Buchanan appeared through the hatch less than a minute later. He looked dubiously at Lewis's bullhorn, which he was seeing for the first time.

“The fewer radio transmissions, the better,” Lewis said, answering Buchanan's unspoken question.

“Are they going to be able to hear you? Over the sound of their engines?” Buchanan asked.

“That's one of the things we're going to find out,” Dillon said. “Option Two is running a telephone line out to the airplane in a rubber boat.”

“What rubber boat?”

“Today, the one on the plane. If we do this—”

“When we do this,” Lewis corrected him.


When
we do this, there will be rubber boats aboard the
Sunfish
,” Dillon finished.

Buchanan had a thought as the Catalina approached the surface of the sea. “Give me the mike,” he said to the talker. “And go below.”

The talker's face showed he didn't like the order, but he raised the microphone over his head and gave it to Buchanan, who lowered it in place on his chest.

“What you say when you go below and they ask you what's going on up here,” Buchanan ordered, “is ‘I don't have a clue.' And I want you to keep your guesses to yourself. Understood?”

The talker nodded his head.

“That's what they call an order, sailor,” Buchanan said firmly, but not unkindly.

“Aye, aye, Chief,” the talker said, and started down the hatch in the conning tower.

The Catalina touched down and then stopped. The pilot shut down the port engine, then revved the starboard and taxied toward the
Sunfish
. A sailor—Navy enlisted aircrewmen were known as “Airedales”—appeared in the forward gun position of the Catalina with an electric bullhorn.

“Ahoy, the Catalina,” Lewis said into his microphone.

Almost immediately the Airedale put his bullhorn to his lips. “Ahoy, the Sunfish.”

“I'll be damned, he heard you,” Dillon said.

“Welcome to the Pacific Ocean,” Lewis called cheerfully.

“Ahoy, the
Sunfish
,” the Airedale called again.

“Wave if you hear me,” Lewis called.

“Ahoy, the
Sunfish
,” the Airedale called again.

“Shit,” Dillon said.

“We can hear him, but he can't hear us,” Buchanan said. “We're getting drowned out by the sound of his engine.”

The Catalina was now a hundred yards off the
Sunfish
.

Lewis called, “Shut down your engine!” and waited a moment, then made a cutting motion across his throat.

“I don't think I would want to shut down my engines on the high seas off China,” Captain Houser observed.

“The wind is going to blow him away from us,” Buchanan said.

“Well, then we won't collide with him,” Captain Houser said.

The Catalina pilot shut down his starboard engine. Immediately, just perceptibly, the wind began to turn the Catalina's nose, which had been pointed directly at the
Sunfish
's conning tower.

“Shit!” Jake Dillon said again.

“Welcome to the Pacific Ocean,” Lewis called.

“We're going to have to stop meeting like this,” the Airedale called back. “People will talk.”
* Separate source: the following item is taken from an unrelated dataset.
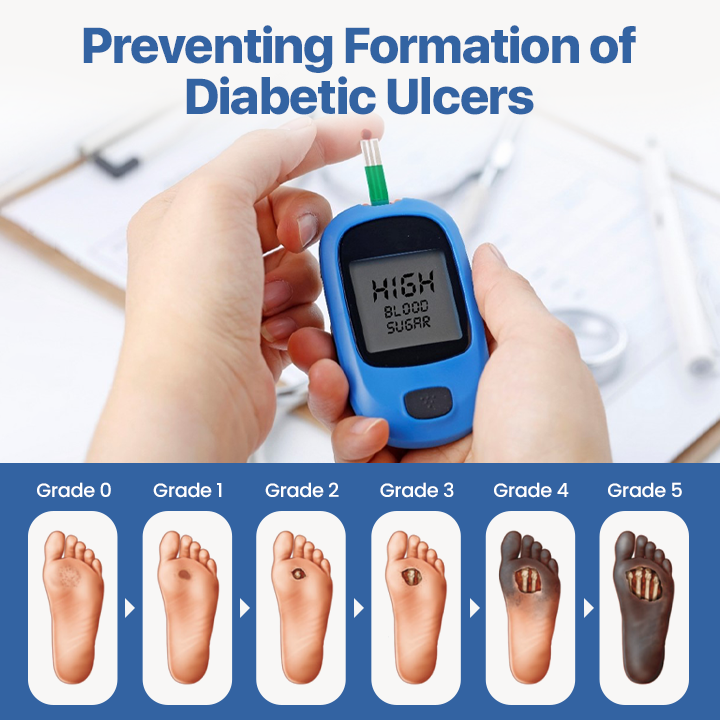 KUBOZN® VitaGluco Diabetes Treatment Cream -👨‍⚕️ American Academy of Dermatology (AAD) Approved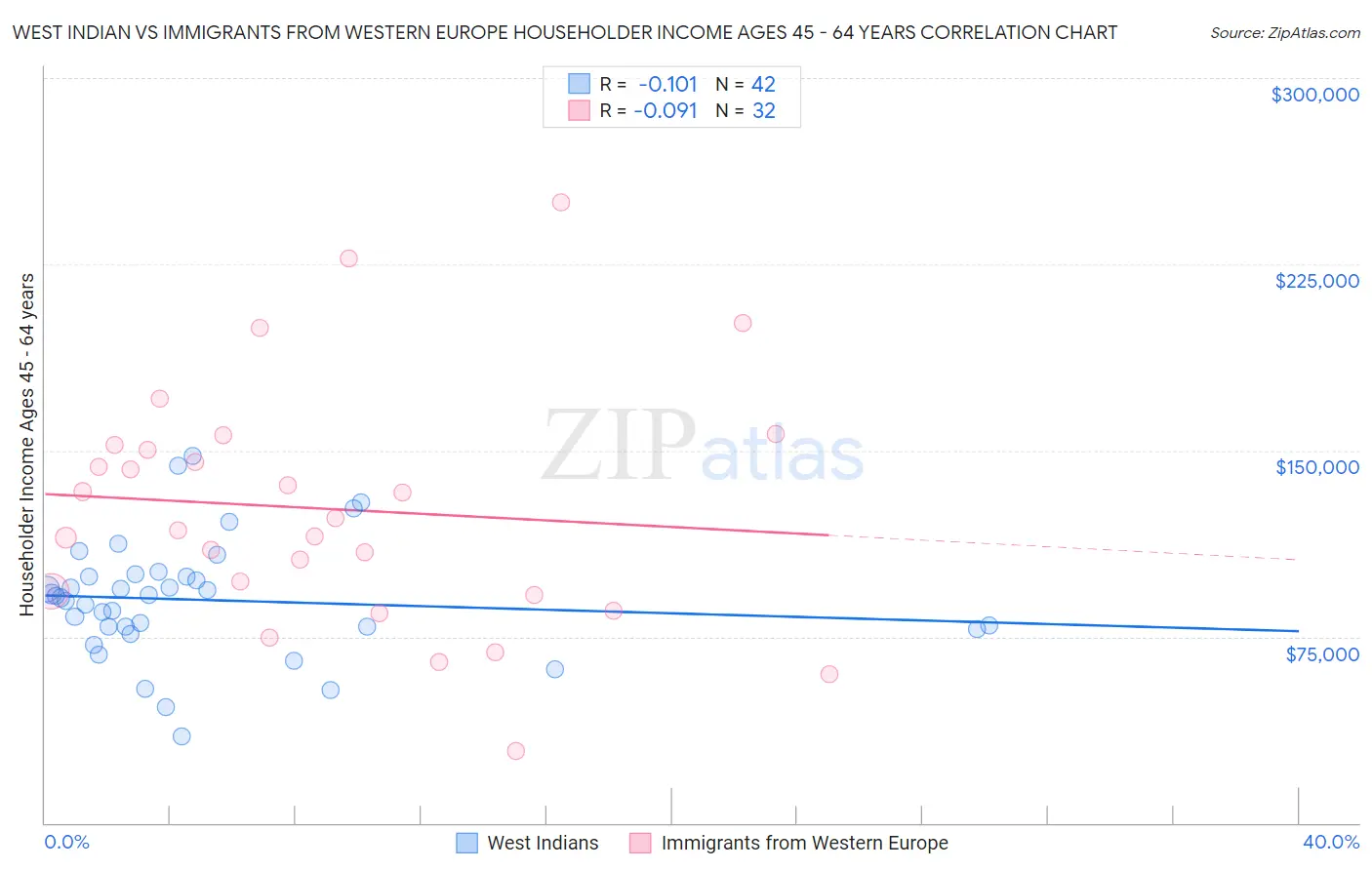 West Indian vs Immigrants from Western Europe Householder Income Ages 45 - 64 years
“You couldn't hear me before?” Lewis called.

“No, sir,” the Airedale called back.

“Not over the sound of that aircraft engine,” Buchanan said. “Damn!”

“Put the rubber boat in the water,” Lewis called. “When it's in the water, it might be a good idea to start an engine and maintain your position.”

“Understood,” the Airedale called back.

“What happens now, Chief,” Lewis said, “is that the rubber boat is going to bring us two hundred feet of half-inch hose. We'll need two people on deck to take the end of it and tie it to the
Sunfish
. I volunteer. Can you give that talker microphone to somebody else?”

Buchanan replied by speaking into the talker microphone.

“Talker to the bridge,” he ordered.

The talker appeared so quickly that it was evident he had been waiting at the foot of the ladder to the conning tower bridge.

“You and Mr. Lewis are going to climb down, meet that rubber boat,” Buchanan ordered, pointing toward the Catalina, “which will have some hose on it, and tie the end of the hose to one of the conning tower ladder steps.”